Distinction and Potential

UCSB undergraduate students and faculty receive Chancellor’s awards for research contributions

Two graduating seniors and one faculty member have been recognized for their outstanding contributions to undergraduate research at UC Santa Barbara.

The Chancellor’s Award for Excellence in Undergraduate Research for 2017 has been awarded to triple-major Amanda “Andy Chen, who has earned bachelor of art degrees in medieval studies, classics and linguistics; and to Daniel Spokoyny, who has completed a bachelor of science degree in computing from the College of Creative Studies (CCS). Professor Stuart Feinstein, of the Department of Molecular, Cellular and Developmental Biology, has been recognized for his mentorship of undergraduates in the research laboratory.

Calling on her multidisciplinary education and her knowledge of numerous languages, Chen completed a senior honors thesis through the history department that examines the intersection of religious conceptions and military practice within the Byzantine Empire in the 9th – 12th centuries. Hilary Bernstein, the professor who taught the honors seminar, described Chen’s paper as “original, deeply researched and surprisingly authoritative historical work.”

Bernstein wrote of Chen’s thesis, it “is not only a substantial piece of research and writing, but it is also entirely original in conceptualization and execution. In quality, it far surpasses what one would expect of an undergraduate and … can and should be published in a quality academic medieval studies journal.”

Following graduation from UCSB, Chen will move on to a graduate program in history and political theory at Cambridge University, where she intends to pursue a Ph.D.

Starting out as a chemistry and biochemistry major at CCS, Spokoyny began working with UCSB faculty almost as soon as he arrived on campus, earning co-authorship on a published paper in his freshman year. His interests soon veered toward computing, especially machine learning, and he transitioned to major in computing.

Working with faculty in linguistics, Spokoyny produced two papers that were presented at international conferences and a third submitted to the journal Nature. His 2016 research project probing language acquisition in the context of mother-child interactions won first place in the humanities category of the UCSB Undergraduate Research Colloquium. He is a three-time recipient of the Technology Management Program’s Young Innovator Scholarship and winner of an honorable mention in the 2016 New Venture Competition.

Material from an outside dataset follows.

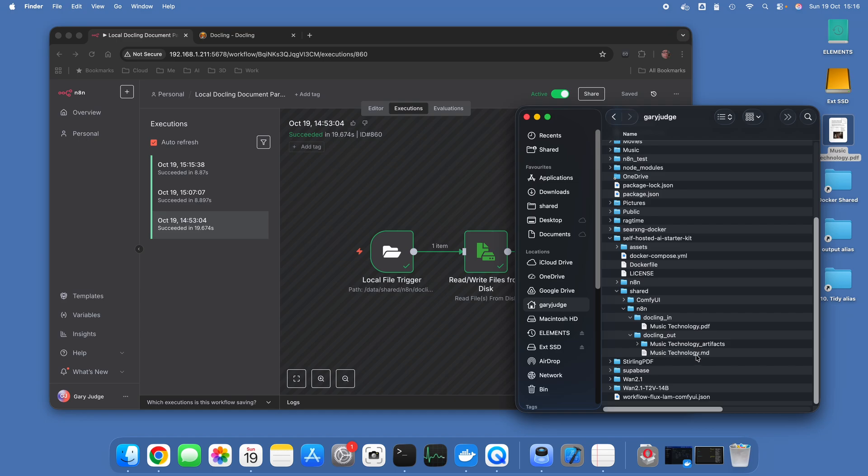Dockling can then convert it into a format which you can then pick up and put into a vector database, and then that vector database can be the source for you working with an LLM. It can actually go off and read that database and take answers from that database.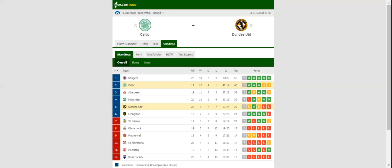Celtic will be looking to keep their title hopes alive when they host Dundee United at Celtic Park on Match Day 21.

One of his faculty nominators, computer scientist William Wang, described him as “the best student that I have seen in the past 10 years, in terms of undergraduate research, and research potential.” After leaving UCSB, Spokoyny will pursue graduate work at Carnegie Mellon University.

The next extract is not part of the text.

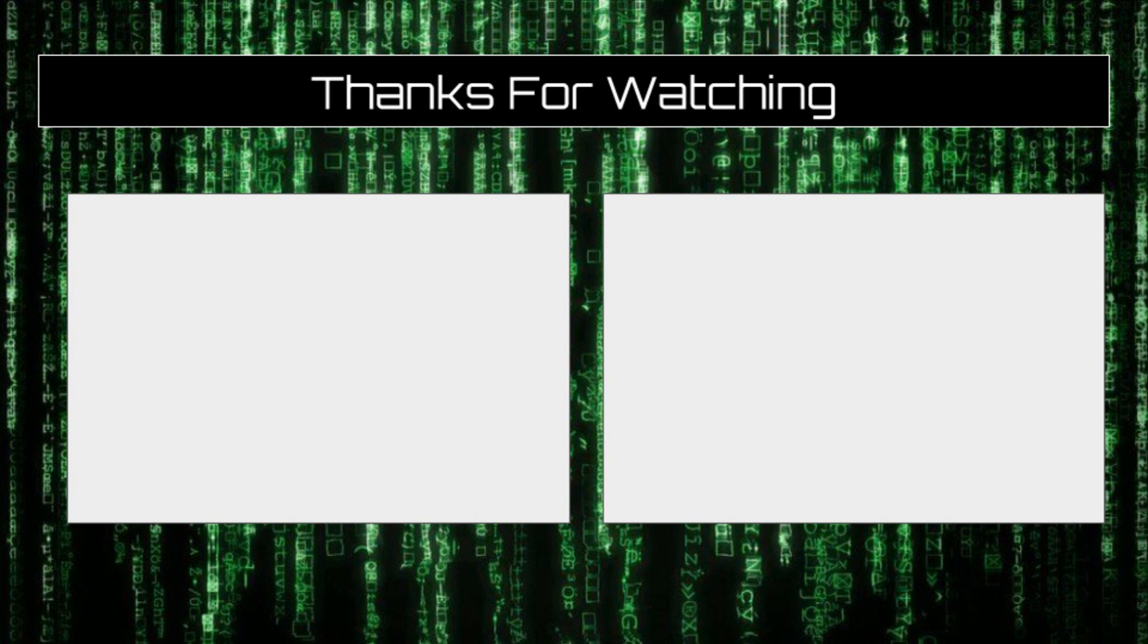Next episode, we are going to be talking about errors. If you enjoyed this video, consider subscribing, and check out the playlist to the right for the rest of the series. Thanks for watching.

Professor Stuart Feinstein has received the Chancellor’s Faculty Award for Excellence in Undergraduate Research Mentoring. First joining UCSB in 1986, and a full professor since 1996, he is a leading scholar in neurodevelopment and neurodegeneration, with his research funded by the National Institutes of Health, Cottage Hospital and private-sector support. His laboratory has elucidated mechanisms underlying the aggregation of a protein associated with Alzheimer’s disease and clarifying the mechanistic basis for chemotherapy-induced peripheral neuropathy.

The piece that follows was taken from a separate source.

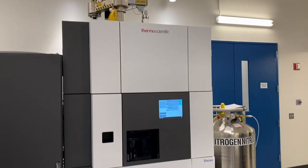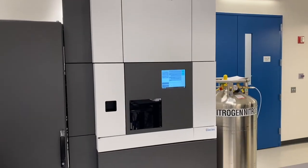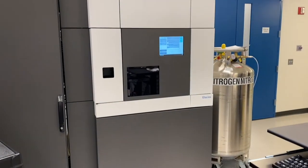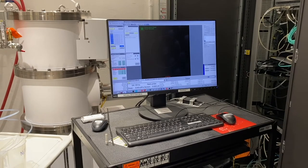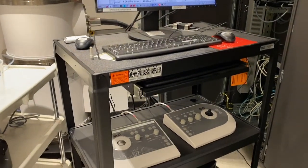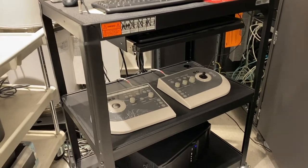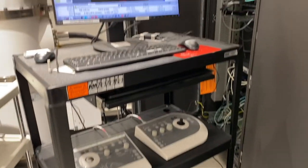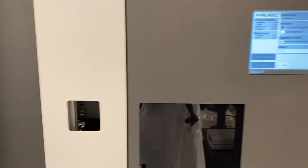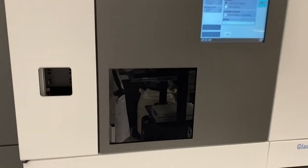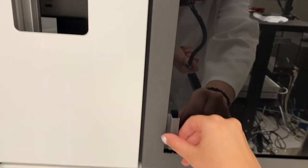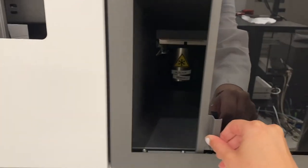This is a 200-kilovolt FEG screening microscope with an autoloader. This is our Microscope PC with hand panels. Over here is our loading interface, and behind this window is where we can load our grids.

Through all of that, Feinstein also has established a career-long record of advising and mentoring undergraduate students in research, many of whom have gone on to top Ph.D. programs and into distinguished academic careers of their own. In supporting his mentor for the award, one former student — now a professor himself — wrote of Feinstein, “Stu trained me hands-on in the lab and transformed my life by the examples he set. He showed me how intellectually stimulating research can be.”